The accused had brought another man with him, and they left together after the assault. Ms Clifton dialled 999 and gardai were dispatched.

“We were enroute to the initial call to the assault when we got a further call to say he’d returned to the house and a shot had been discharged,” recalled Gda Reynolds.

The door had been unlocked on his first arrival, but Mooney found it locked this time. He fired a shot through the glass part of the door, and gained entry that way.

Wearing blue surgical gloves, he walked to the bedroom with a sawn-off shotgun in his hand. He brought Ms Clifton to the kitchen and pointed the gun to her head.

Pulled trigger

He pulled the trigger a number of times but it did not fire. So he opened it and tried to unload and load it before pulling the trigger another few times. It still did not work so he tried the same procedure again.

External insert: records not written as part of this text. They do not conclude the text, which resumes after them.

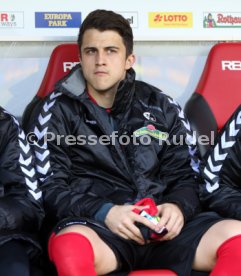 SC Freiburg - Borussia Dortmund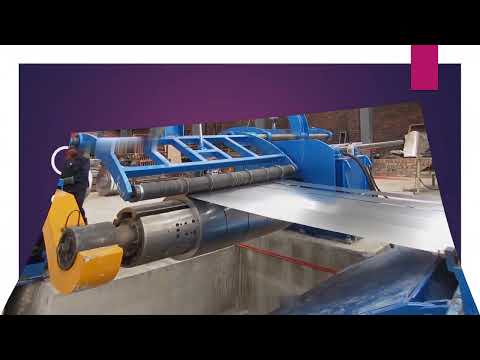 Cold rolled hard strip en42j, for automobile industry, 0.5 m...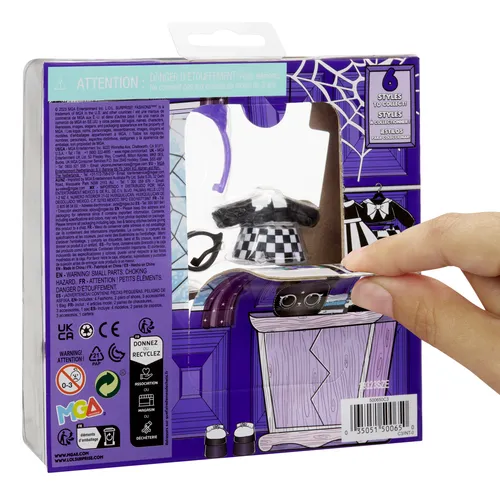 L.O.L. Fashion Packs (21 von 53)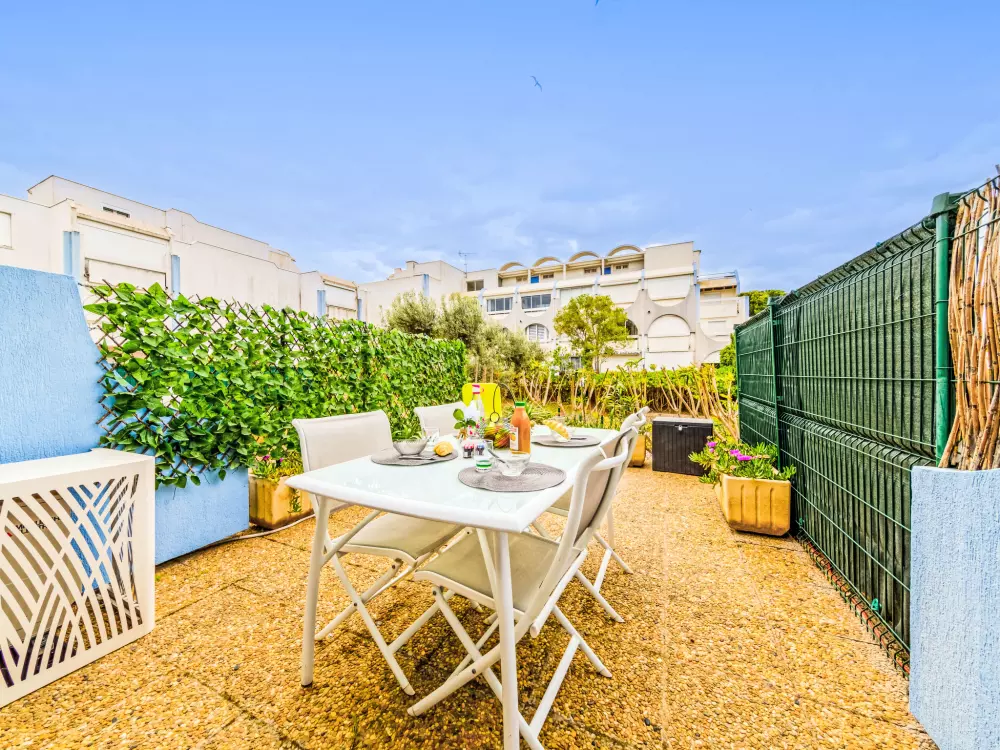 Résidence Les Floralies II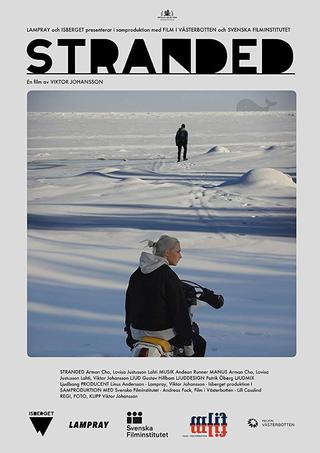 Stranded poster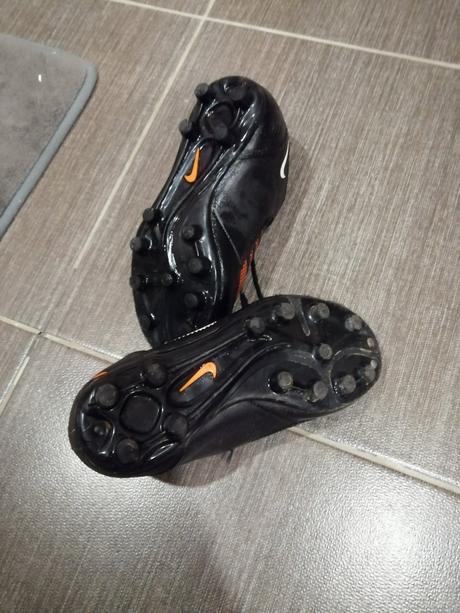 Kopačky na fotbal, nike,29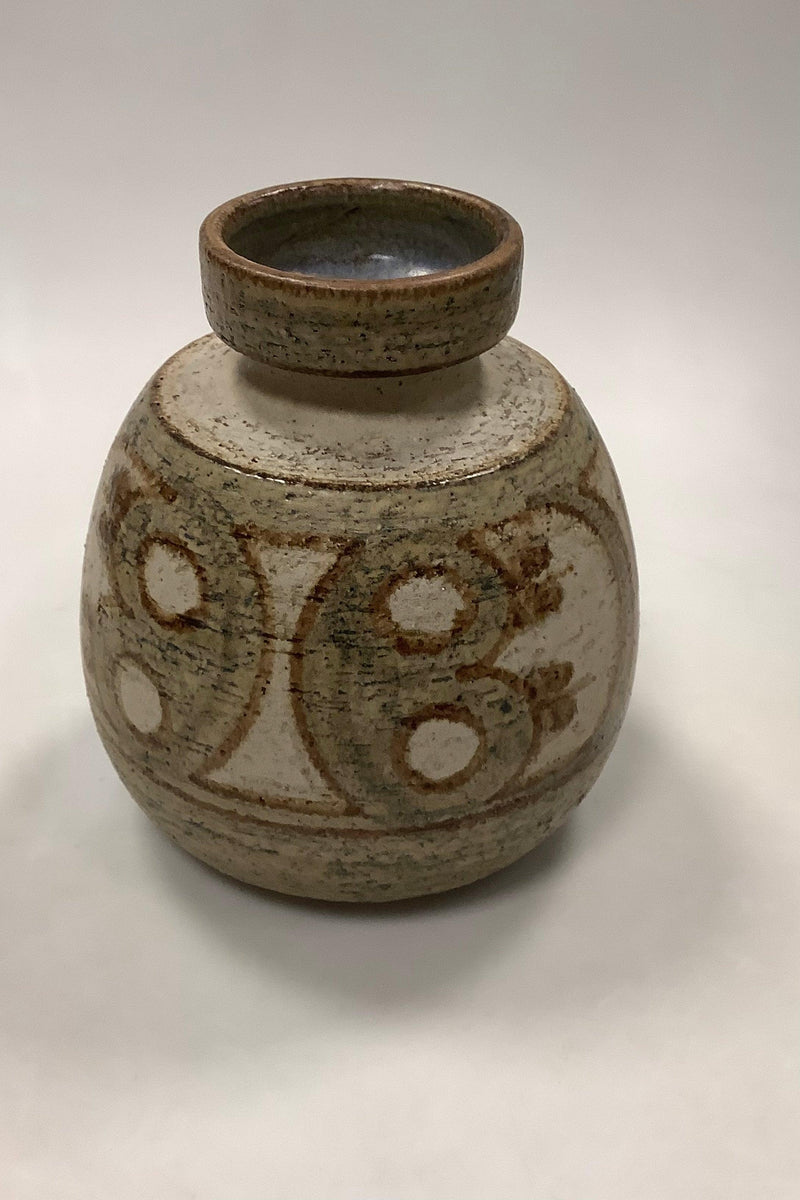 Søholm Keramik Vase No. 3232 - Danam Antik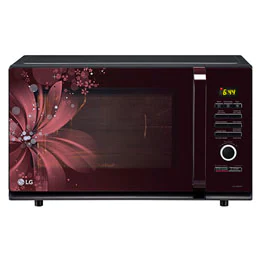 LG All In One Microwave Oven12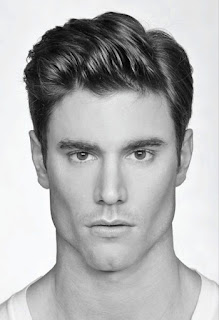 Rostro diamante - estilo de barba recomendado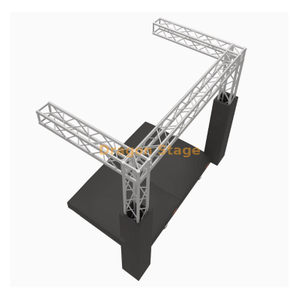 Quadro de corrida de fitness ao ar livre Ninja Warrior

“He just seemed to be getting really pissed off when the gun didn’t go off,” said Mr O’Donoghue in a statement. “The gun was inches away from her face. She was shouting: ‘Ger don’t do it. Please don’t do it’.”

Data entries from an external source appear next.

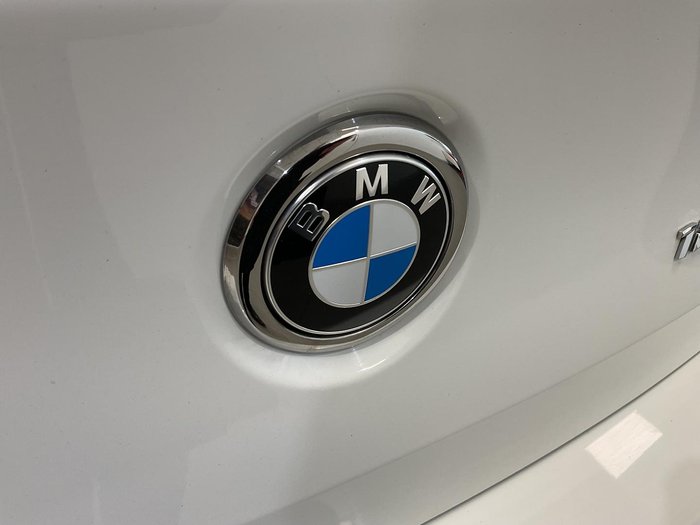 2016 BMW 1 Series 120i Sport Line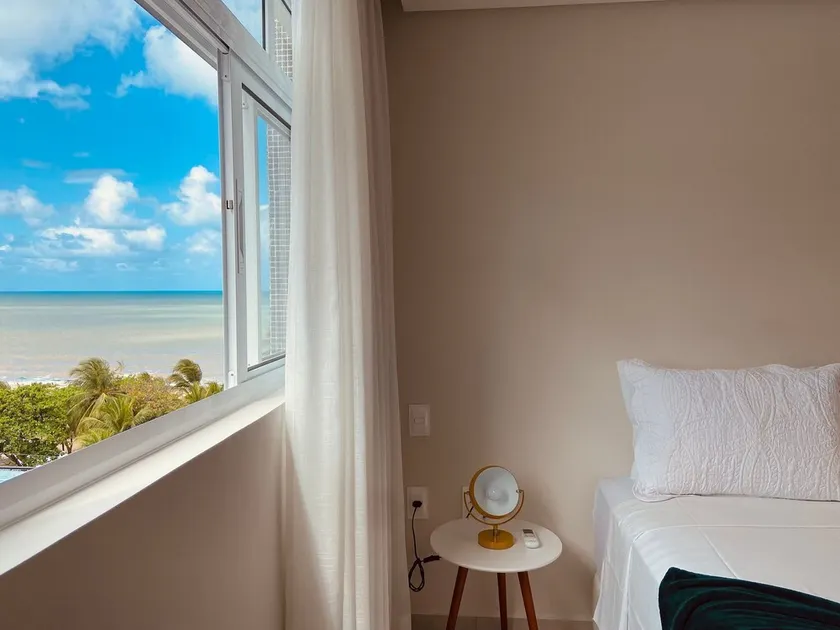 Apartamento Beira Mar de Cabo Branco - Image 1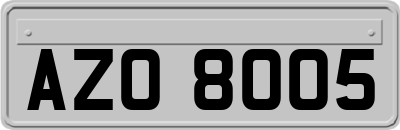 AZO8005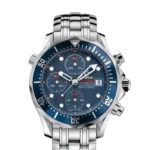 Omega Seamaster 2225.80.00 Chronograph 41.5mm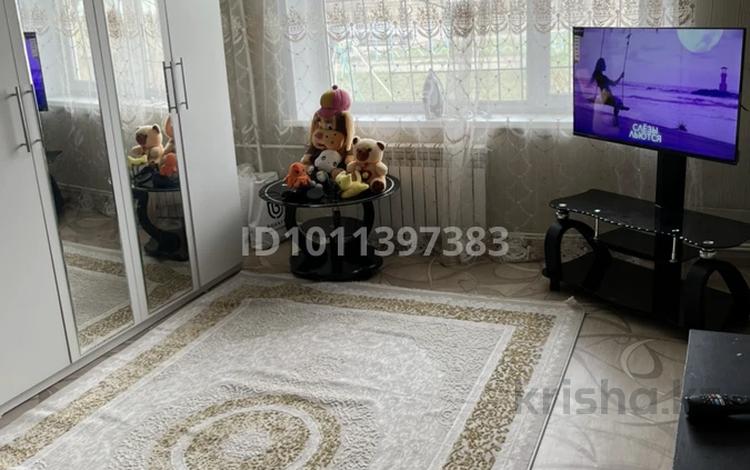 1-бөлмелі пәтер · 35.6 м² · 1/6 қабат, Астана 22, бағасы: 7 млн ₸ в Аксу — фото 2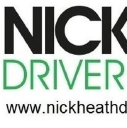 Nick Heath Driver Training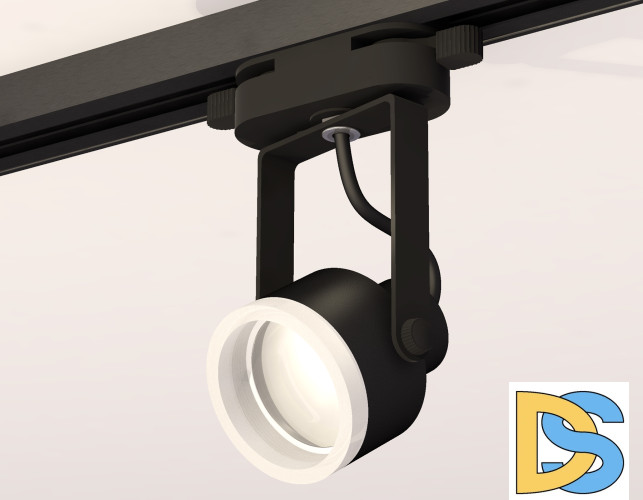 Трековый однофазный светильник Ambrella Light Track System XT6602084 (C6602, N6245)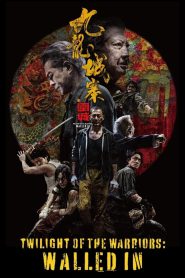 Twilight of the Warriors: Walled In (2024) เมืองพญายม ปิดบัญชียมบาล | เมื่อกำปั้นคือความหวังสุดท้ายในเมืองไร้กฎหมาย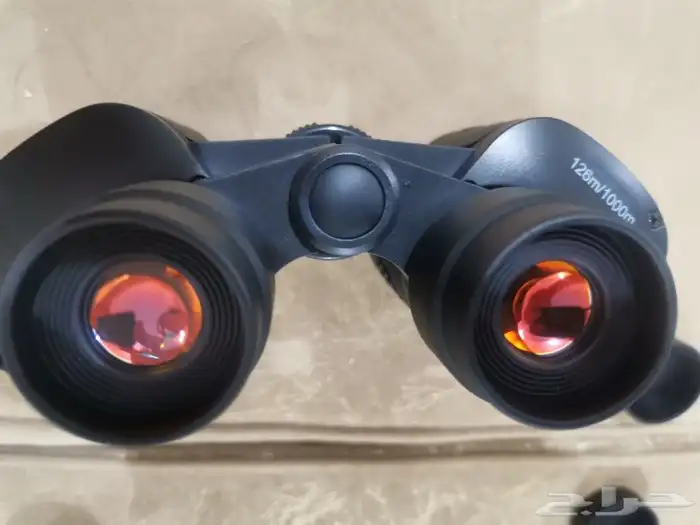 دربيل Binoculars درابيل مقناص حلال مكشات 3
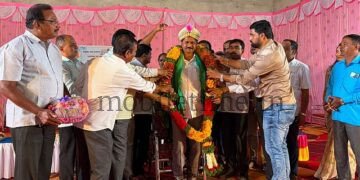 Siddapura Good news for the Namadhari community!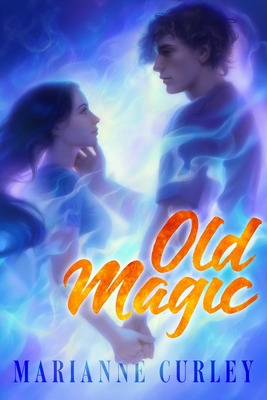 Old Magic 1665905646 Book Cover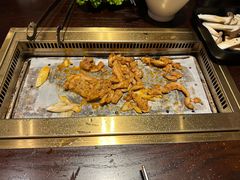 -新石器烤肉(之心城店)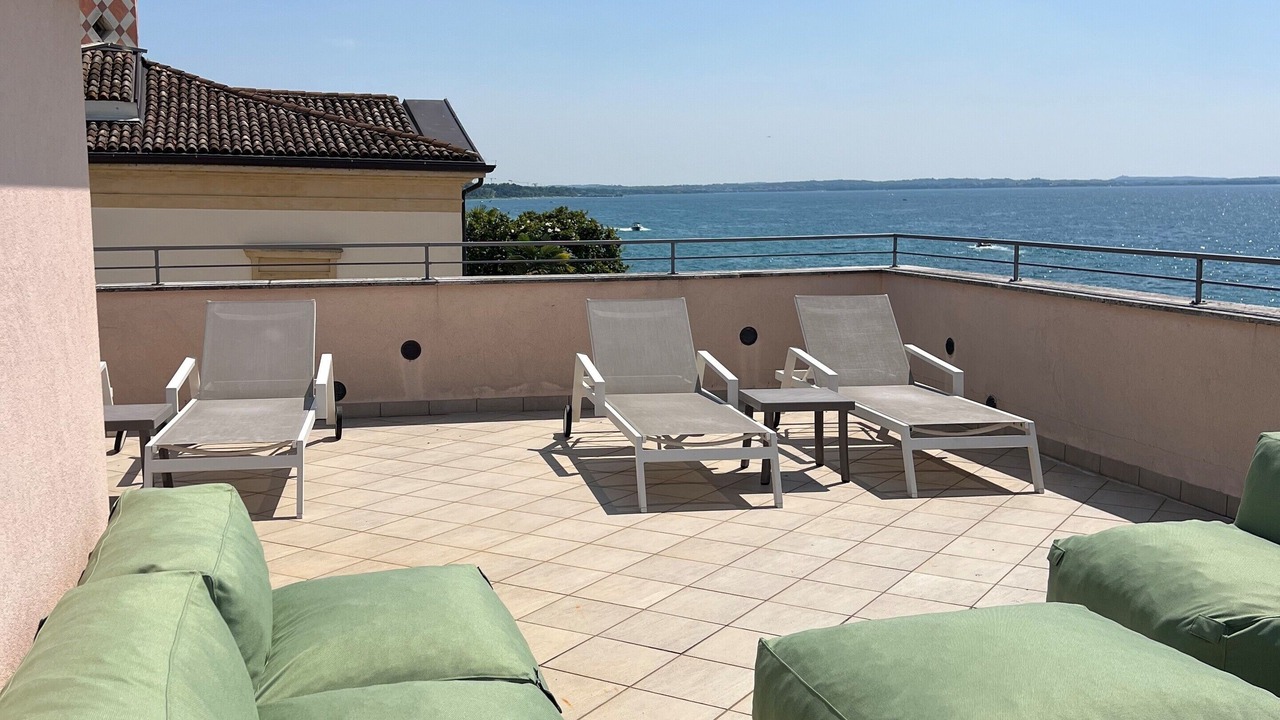 Photo of Outdoor in Lazise Old Town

Before he left, Mooney shouted that he would kill her if she rang the gardai. He also referred to killing her father and Mr O’Donoghue.

Gardai were there by the time the accused made his next threats to his victim, this time in a phone call.

He was tracked down that evening, hiding in a wardrobe in a friend’s house in Castlerea. He was arrested and interviewed, but denied everything.

Gda Reynolds read out Ms Clifton’s victim impact statement, in which she said that her mental health had suffered as a result of the incident with the gun.

“I have constant flashbacks of the gun being pointed at my head and him reloading,” she wrote.

She said she had since been diagnosed with PTSD, was on medication and had felt suicidal. She had also been left with a fractured rib.

“I constantly suffer from anxiety and jump at loud bangs,” she continued. “I feel weakened as a person but have to stay strong for my daughter.”

She said she felt like prisoner in her own home and constantly though he would turn up. She also had to leave work as a result.

“I think that someone must have been looking over me that day, as the bullets kept jamming, despite him reloading,” she said.

She said that her daughter had also been affected and that her worst fear was now ‘that my Mummy would be killed’.

She requested a lifetime barring order on Mooney, who had 42 previous convictions.

Under cross-examination by Michael Bowman SC, defending, Gda Reynolds agreed that the accused had been heard shouting ‘I love you’ ‘like a wild animal’.

“He wasn’t prepared to see the relationship go,” noted the garda

“The defendant was reluctant to accept it had concluded,” agreed Mr Bowman. “He knew there was a third person on the scene... He shouted that he loved her and it was her fault; she had driven him to this.”

Mr Bowman said that his client had a history of self harm, had attempted suicide and had received inpatient psychiatric treatment. Originally from Dublin, both he and his brother had moved to Castlerea and he had been living in a car at the time.

He told Mr Justice Michael White that the offence was ‘a consequence of jealousy and an inability to accept that the relationship had collapsed’.

“But for the good grace and intervention of another power, so to speak, he may well have been facing a far more serious charge,” he said.

He said that his greatest acknowledgement of wrongdoing was his guilty plea and that his period in custody had been an awakening.

Justice White remanded the accused in custody until January 18th, when he will hand down sentence.